Permanezcan en esa misma casa, comiendo y bebiendo de lo que haya, porque el que trabaja merece su salario. No vayan de casa en casa.
En las ciudades donde entren y sean recibidos, coman lo que les sirvan;
curen a sus enfermos y digan a la gente: ‘El Reino de Dios está cerca de ustedes’.”
Pero en todas las ciudades donde entren y no los reciban, salgan a las plazas y digan:
‘¡Hasta el polvo de esta ciudad que se ha adherido a nuestros pies, lo sacudimos sobre ustedes!
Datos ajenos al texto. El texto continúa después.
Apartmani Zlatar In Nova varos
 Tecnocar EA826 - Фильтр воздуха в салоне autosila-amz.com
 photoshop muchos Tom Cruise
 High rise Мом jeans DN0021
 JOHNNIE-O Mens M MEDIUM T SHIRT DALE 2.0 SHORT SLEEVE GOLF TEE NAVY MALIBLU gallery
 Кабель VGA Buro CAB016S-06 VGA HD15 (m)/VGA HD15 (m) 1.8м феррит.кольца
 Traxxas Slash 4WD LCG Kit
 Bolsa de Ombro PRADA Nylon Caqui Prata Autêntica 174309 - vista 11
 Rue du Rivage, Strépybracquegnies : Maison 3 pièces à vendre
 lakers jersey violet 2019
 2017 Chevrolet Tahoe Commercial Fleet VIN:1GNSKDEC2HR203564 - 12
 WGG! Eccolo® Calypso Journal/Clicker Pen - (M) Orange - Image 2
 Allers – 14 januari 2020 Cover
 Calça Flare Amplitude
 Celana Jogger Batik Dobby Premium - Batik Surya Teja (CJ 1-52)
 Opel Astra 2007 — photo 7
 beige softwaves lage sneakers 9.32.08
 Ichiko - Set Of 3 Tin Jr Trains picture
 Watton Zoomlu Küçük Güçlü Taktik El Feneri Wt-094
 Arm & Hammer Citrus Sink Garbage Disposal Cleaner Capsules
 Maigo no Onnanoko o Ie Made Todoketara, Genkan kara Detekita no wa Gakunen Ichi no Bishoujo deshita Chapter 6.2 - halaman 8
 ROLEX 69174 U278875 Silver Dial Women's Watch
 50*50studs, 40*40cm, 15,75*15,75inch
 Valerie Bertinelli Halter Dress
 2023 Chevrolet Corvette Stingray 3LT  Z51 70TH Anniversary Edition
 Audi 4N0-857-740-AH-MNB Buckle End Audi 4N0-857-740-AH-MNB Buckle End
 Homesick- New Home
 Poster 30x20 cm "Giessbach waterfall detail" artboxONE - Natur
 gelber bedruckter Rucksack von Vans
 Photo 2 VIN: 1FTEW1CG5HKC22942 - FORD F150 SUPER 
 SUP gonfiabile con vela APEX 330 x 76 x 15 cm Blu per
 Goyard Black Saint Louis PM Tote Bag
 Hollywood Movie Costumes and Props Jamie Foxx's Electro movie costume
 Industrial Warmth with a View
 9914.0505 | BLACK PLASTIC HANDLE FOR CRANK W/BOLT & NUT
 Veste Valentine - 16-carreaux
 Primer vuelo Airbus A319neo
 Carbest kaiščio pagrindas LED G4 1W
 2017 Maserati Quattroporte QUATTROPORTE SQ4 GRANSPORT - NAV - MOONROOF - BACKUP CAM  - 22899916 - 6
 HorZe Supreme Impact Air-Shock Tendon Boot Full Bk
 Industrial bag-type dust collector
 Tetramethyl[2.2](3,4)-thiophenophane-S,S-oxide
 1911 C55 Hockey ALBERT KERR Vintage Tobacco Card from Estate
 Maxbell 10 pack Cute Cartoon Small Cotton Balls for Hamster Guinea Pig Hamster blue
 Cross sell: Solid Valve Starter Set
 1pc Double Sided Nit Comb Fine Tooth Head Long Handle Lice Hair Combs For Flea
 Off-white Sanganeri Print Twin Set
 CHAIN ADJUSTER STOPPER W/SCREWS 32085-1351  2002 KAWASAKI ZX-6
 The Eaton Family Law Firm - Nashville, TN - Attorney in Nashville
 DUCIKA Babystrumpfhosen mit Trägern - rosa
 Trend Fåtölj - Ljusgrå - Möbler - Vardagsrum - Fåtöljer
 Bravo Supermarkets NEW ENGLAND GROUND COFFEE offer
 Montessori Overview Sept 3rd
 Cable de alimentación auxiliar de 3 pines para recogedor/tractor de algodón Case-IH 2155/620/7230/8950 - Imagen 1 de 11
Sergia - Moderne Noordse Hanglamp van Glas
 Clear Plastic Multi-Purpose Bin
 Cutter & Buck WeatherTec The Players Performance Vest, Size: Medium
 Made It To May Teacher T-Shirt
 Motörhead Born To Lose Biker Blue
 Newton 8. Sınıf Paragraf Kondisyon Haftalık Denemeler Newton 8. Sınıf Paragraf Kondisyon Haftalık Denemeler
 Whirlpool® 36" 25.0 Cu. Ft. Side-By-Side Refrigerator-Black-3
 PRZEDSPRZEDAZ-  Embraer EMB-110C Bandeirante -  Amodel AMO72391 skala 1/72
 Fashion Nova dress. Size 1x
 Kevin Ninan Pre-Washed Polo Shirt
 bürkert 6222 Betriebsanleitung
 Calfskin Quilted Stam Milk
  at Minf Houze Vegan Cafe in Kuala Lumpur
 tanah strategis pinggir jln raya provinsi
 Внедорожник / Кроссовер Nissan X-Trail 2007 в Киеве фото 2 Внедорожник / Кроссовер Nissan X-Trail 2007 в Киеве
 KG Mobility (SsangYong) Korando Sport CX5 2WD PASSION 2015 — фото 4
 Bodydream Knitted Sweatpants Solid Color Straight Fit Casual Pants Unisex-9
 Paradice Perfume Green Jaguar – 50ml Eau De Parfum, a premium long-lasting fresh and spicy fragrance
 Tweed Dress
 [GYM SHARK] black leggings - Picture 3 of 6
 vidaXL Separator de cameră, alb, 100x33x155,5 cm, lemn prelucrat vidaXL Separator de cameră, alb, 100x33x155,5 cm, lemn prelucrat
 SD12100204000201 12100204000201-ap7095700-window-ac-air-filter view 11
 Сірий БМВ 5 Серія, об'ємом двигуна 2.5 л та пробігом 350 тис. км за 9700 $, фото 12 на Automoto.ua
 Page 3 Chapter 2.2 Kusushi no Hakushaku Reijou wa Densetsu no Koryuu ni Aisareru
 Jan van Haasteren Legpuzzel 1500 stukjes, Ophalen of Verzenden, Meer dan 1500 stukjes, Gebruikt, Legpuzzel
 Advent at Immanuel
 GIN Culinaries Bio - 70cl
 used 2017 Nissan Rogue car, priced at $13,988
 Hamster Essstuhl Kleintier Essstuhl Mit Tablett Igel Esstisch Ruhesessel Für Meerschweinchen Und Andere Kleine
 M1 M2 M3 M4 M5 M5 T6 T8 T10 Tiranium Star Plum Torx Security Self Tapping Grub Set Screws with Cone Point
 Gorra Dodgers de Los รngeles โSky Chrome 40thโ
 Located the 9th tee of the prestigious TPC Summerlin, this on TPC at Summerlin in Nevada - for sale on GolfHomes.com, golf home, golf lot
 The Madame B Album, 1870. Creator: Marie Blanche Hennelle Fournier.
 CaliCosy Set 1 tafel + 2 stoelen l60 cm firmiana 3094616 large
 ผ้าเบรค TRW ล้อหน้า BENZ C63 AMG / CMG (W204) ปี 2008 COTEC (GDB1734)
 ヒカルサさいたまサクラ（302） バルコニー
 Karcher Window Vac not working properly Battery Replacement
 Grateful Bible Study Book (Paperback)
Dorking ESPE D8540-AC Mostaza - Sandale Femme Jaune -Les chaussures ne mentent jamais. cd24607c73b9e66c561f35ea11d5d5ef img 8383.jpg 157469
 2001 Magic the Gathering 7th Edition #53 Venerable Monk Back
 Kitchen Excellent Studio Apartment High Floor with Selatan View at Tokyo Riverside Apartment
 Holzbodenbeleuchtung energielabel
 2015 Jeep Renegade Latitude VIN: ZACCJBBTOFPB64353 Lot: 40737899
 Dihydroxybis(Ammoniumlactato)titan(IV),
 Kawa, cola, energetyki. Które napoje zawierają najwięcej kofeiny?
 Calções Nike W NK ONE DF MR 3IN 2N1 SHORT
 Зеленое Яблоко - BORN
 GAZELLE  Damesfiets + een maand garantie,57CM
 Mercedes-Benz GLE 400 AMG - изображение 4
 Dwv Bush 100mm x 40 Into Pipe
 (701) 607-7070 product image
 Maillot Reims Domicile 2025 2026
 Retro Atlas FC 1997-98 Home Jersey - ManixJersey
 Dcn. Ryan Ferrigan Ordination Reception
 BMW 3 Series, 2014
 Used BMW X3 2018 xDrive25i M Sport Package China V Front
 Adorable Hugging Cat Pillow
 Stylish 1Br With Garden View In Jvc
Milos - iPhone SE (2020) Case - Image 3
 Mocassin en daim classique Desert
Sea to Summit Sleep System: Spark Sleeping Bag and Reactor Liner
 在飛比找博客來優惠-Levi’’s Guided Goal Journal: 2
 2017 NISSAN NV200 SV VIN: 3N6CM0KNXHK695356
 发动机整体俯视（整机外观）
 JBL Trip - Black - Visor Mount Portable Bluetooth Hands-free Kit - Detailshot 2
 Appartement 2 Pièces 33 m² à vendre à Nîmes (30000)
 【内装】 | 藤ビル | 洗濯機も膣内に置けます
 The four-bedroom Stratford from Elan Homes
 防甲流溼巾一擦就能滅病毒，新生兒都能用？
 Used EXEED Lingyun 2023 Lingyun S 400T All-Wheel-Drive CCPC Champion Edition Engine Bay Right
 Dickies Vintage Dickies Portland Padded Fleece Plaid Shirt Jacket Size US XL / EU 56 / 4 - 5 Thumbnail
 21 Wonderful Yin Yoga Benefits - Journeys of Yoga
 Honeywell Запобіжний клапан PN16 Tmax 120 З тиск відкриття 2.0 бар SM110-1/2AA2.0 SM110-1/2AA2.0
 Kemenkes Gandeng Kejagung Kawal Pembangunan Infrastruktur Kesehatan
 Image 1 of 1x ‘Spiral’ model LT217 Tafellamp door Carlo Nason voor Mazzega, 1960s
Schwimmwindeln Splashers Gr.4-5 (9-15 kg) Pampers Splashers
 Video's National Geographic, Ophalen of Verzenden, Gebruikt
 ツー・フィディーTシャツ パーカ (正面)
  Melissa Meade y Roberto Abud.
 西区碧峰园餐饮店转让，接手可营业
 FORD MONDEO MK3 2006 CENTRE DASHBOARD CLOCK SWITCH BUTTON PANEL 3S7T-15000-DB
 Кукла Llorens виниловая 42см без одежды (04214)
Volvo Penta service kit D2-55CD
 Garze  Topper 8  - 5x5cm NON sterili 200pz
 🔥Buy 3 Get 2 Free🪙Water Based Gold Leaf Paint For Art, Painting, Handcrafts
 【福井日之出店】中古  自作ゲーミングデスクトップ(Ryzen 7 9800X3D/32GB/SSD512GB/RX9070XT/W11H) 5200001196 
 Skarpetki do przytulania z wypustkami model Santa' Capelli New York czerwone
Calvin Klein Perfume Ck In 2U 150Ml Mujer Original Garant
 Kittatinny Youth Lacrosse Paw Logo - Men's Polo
Sepan, sin embargo, que el Reino de Dios está cerca’.
Les aseguro que en aquel Día, Sodoma será tratada menos rigurosamente que esa ciudad.
Reflexionemos

San Pío X (1835-1914)

papa 1903-1914

Encíclica «El supremo apostolado»

Enviados por Cristo al mundo entero

«Nadie puede poner otro fundamento que el que ya está puesto, Cristo Jesús» (1C 3,11). Él es el único a quien «el Padre consagró y envió al mundo» (Jn 10,36), «reflejo de su gloria, impronta de su ser» (Hb 1,3), verdadero Dios y verdadero hombre; sin él nadie puede conocer a Dios como es debido, porque «nadie conoce al Padre sino el Hijo y aquel a quien el Hijo se lo quiere revelar» (Mt 11,27). De donde se sigue que «restaurar en Cristo» (Ef 1,10) y hacer volver a los hombres a la obediencia a Dios, son una sola y misma cosa. Y es por ello que el fin hacia el cual deben converger todos nuestros esfuerzos, es llevar al género humano a reconocer la soberanía de Cristo. Una vez hecho esto, el hombre se encontrará, por ahí mismo, llevado a Dios: no un Dios inerte y despreocupado de las realidades humanas, como algunos filósofos lo han imaginado, sino un Dios vivo y verdadero, un Dios en tres personas en la unidad de su naturaleza, creador del mundo, haciendo llegar a todas las cosas su providencia infinita, justo dador de la Ley que juzgará la injusticia y dará su recompensa a la virtud. Ahora bien, ¿dónde se encuentra el camino que nos hace llegar a estar junto a Jesucristo? Está delante de nuestros ojos: es la Iglesia. San Juan Crisóstomo ya nos lo dijo y con razón: «La Iglesia es tu esperanza, la Iglesia es tu salvación, la Iglesia es tu refugio». Es por esto que Cristo, después de haberla adquirido al precio de su sangre, la ha establecido. Es por esto que le ha confiado su doctrina y los preceptos de su Ley, prodigándole, al mismo tiempo, los tesoros de su gracia para la santificación y la salvación de los hombres. Ved pues, venerables hermanos, cuál es la obra que se nos ha confiado…: no tener otra meta que formar en todos a Jesucristo… Es la misma misión que Pablo atestigua haber recibido: «Hijitos míos, por quienes sufro de nuevo dolores de parto, hasta ver a Cristo formado en vosotros» (Gal 4,19). Ahora bien, ¿cómo cumplir con semejante deber sin antes estar «revestidos de Cristo»? (Gal 3,27). Y revestidos hasta el punto de poder decir: «para mí la vida es Cristo» (Flp 1,21).